Palantir Technologies (PLTR 0.28%) has offered just about everything growth investors are looking for in recent years. The tech company has delivered double-digit revenue growth -- and reached profitability and even increased it. Importantly, Palantir has spoken of great demand, particularly among commercial customers, and these customers may lead a new wave of growth over the coming years.
All of this spurred investors to pile into the stock, and as a result, it soared 2,400% over three years. But amid all of these positive points lies a negative one. This momentum helped push Palantir stock to sky-high valuation levels. Investors and analysts have worried about this, considering the levels unsustainable.
Though valuation remains high, it's fallen nearly 40% from a peak in November. Is Palantir a buy now in 2026? Let's find out.
Image source: Getty Images.
Palantir's software
First, let's consider how this 20-year-old company roared into the center of the scene over just the past few years. In its early days, Palantir was mainly known for its government contracts, and these drove the company's development and growth. Palantir's software platforms help customers aggregate difficult-to-access data, analyze it, and put it to work.
In recent years, though, another customer has emerged and may represent the growth driver of the future. I'm talking about the commercial customer. Palantir only had 14 U.S. commercial customers just a few years ago, and then the launch of its Artificial Intelligence Platform (AIP) supercharged momentum here. AIP offers customers a way to almost instantly apply AI to their problems and develop game-changing solutions.
The timing was right, as today, companies are eager to get in on AI -- it's a technology that could make them more efficient and innovative, and eventually support significant earnings growth. And Palantir offers customers a way to easily seize this opportunity.

NASDAQ: PLTR
Key Data Points
More growth ahead
All of this has translated into impressive earnings performance. In recent quarters, revenue has climbed in the double-digits in both the government and commercial businesses. And the commercial business offers us clear signs that more growth may be ahead. The number of commercial customers has reached into the hundreds, which shows growth but also offers plenty of room for customer acquisition. Contract values are soaring, suggesting customers are going all in on their work with Palantir.
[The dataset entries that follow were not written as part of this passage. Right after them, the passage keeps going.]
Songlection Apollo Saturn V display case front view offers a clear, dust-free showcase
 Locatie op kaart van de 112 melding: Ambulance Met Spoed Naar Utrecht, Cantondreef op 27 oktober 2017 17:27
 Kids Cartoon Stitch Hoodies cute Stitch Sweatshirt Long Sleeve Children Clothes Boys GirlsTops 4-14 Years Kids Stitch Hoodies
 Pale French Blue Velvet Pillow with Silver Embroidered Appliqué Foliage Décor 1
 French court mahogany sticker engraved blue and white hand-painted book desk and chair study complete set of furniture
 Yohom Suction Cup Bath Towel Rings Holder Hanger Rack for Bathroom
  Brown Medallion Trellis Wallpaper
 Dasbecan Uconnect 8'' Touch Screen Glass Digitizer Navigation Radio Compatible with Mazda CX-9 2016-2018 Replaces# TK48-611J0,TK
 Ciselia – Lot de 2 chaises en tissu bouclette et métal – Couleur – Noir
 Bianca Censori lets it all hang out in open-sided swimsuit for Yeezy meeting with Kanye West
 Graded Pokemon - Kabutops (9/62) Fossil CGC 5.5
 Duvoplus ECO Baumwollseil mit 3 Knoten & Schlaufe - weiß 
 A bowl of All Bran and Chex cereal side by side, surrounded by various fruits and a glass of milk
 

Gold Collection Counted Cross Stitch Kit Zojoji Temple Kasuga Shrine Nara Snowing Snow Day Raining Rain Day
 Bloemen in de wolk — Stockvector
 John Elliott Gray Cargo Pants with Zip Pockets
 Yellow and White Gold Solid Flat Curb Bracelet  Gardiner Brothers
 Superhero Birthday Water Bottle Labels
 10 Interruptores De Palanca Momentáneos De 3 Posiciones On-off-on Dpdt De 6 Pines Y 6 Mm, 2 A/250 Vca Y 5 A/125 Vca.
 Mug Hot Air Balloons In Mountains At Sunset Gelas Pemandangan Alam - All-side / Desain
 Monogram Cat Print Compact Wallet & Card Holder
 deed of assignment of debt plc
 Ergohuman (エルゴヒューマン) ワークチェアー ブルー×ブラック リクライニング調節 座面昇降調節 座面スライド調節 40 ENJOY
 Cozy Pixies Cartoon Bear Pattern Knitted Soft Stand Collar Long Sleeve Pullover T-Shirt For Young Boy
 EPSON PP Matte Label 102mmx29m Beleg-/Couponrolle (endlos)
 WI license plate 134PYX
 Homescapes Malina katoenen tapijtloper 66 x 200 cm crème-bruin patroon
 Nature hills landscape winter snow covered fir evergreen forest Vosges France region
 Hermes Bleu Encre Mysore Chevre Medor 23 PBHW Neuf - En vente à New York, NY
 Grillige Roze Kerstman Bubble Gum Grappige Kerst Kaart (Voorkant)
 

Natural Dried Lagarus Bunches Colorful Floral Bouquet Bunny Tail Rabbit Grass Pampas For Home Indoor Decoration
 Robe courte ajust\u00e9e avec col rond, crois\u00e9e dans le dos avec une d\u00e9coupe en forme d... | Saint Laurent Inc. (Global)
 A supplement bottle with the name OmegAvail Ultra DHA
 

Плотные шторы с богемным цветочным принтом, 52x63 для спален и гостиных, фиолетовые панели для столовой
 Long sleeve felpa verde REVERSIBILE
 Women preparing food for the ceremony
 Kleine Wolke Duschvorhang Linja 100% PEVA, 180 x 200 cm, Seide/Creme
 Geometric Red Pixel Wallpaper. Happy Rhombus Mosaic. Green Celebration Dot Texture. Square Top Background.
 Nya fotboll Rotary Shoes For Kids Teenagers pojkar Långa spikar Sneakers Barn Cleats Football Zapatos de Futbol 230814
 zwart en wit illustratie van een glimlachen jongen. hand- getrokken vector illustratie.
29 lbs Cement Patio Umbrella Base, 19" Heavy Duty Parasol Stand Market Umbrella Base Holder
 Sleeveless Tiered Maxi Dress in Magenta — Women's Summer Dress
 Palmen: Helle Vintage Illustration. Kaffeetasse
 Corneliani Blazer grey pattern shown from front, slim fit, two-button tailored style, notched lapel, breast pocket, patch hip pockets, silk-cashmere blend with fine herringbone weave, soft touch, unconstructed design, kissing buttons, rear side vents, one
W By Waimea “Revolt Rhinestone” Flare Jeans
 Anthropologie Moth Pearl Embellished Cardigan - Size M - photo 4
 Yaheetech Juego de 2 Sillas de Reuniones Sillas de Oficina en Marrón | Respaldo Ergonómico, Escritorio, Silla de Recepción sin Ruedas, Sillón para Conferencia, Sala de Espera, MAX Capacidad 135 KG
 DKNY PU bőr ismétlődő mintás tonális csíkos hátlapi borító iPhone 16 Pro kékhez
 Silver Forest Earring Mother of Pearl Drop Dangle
For example, in the recent quarter, U.S. commercial total contract value surged more than 300% to $1.3 billion, a record.
Finally, a key point to note is that Palantir is balancing this growth with profitability. In software, this feat is measured by the Rule of 40, with a score of 40% or higher showing the company is successful here. Palantir's score has been steadily growing, well past 40% in recent quarters, and the latest reading is 114%. So that's a big reason to be optimistic about Palantir in the future.
Your investment strategy
Now, let's return to our question: Is Palantir a buy now that valuation has come down? This depends on your investment strategy. If you're a cautious or value investor, Palantir probably isn't the right choice for you right now. The stock, even after a dip in valuation, remains expensive according to commonly used metrics.
PLTR PE Ratio (Forward) data by YCharts
But if you're a growth investor, you may look at this situation differently. Palantir has built out its technology over a number of years, and its software systems have proven their usefulness. Now, as customers aim to incorporate AI into their businesses, Palantir offers an ideal way to do just that. The company is generating impressive growth, but earnings figures, with quarterly revenue of nearly $1.2 billion and GAAP net income of $476 million, leave room for additional gains now and down the road.
All of this means that, even if the stock looks pricey right now, Palantir could grow into its valuation over time. So, for long-term growth investors, it's a great idea to buy Palantir on the dip in 2026.